Moreover, Christians and Muslims have enjoyed relatively cordial relations in Sri Lanka, in part due to the solidarity of their common victimhood at the hands of Sinhalese Buddhist nationalists, whose supporters—often Buddhist monks themselves—seek to ensure both their ethnic and religious dominance by targeting the island nation’s religious minorities.

In the past decade, Sri Lanka’s Christians have experienced dozens of violent attacks and incidents of harassment and discrimination each year at the hands of Buddhist nationalists (see the periodic “Incident Reports” from the National Christian Evangelical Alliance of Sri-Lanka). The nation’s Muslims have also been regularly targeted by Buddhist nationalists, such as in a series of riots centered on the towns of Ampara and Kandy in February and March of 2018. (Incidentally, Facebook and other social media sites were used to spread false information and provoke these riots, which is why the government moved so quickly to squelch access to social media in the wake of the Easter massacre.) 

It is for these reasons that I initially presumed the perpetrators of the recent suicide bombings were Buddhist. If Buddhists had been responsible for the attacks, it would have certainly represented a significant escalation in the scale and tactics of Buddhist nationalist violence. But the targeting of Christians would have also made some modicum of local sense. 
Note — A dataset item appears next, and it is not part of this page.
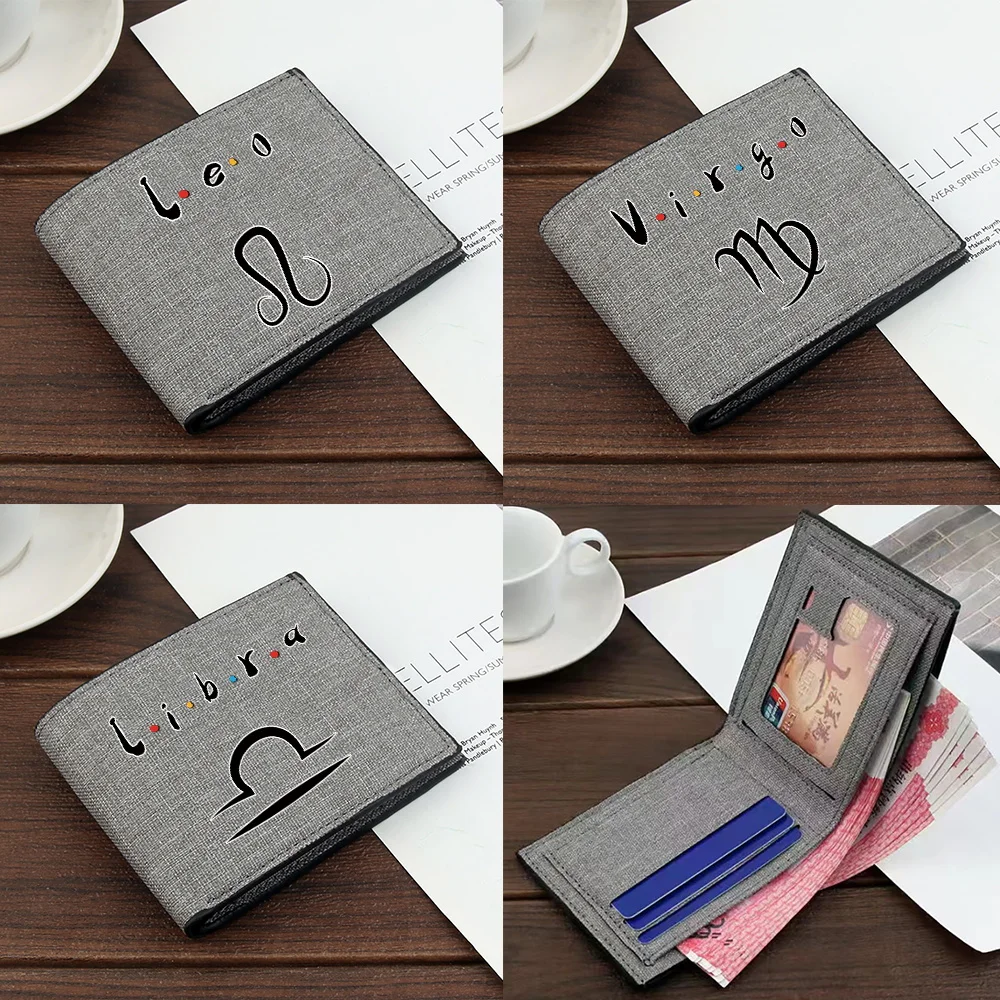 Wallets Moneybag Constellation Series New High-quality Fashion Foldable Multi-Function Personalized Purse Bank Card Storage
The targeting of Christians (and the foreign and wealthy patrons of upscale hotels) by Muslims, however, makes sense only within an international grammar that had been, until last weekend, unfamiliar to Sri Lankans. The fact that it has been introduced is troubling, not only for the fact that Sri Lankans must now fear yet another source of terror, but also because the attacks are likely to strengthen the hand of hardline Buddhist nationalists, who, emboldened by this attack, may be baited into contributing to a cycle of violence and retribution while further impinging upon the rights of Sri Lanka’s religious minorities.

As the New York Times rightly reported, the attacks in Sri Lanka occurred within the context of a regional rise in interreligious and anti-minority violence. This rise is related, significantly, to a concurrent increase in the social and electoral power of ethno-religious nationalist groups across the region. 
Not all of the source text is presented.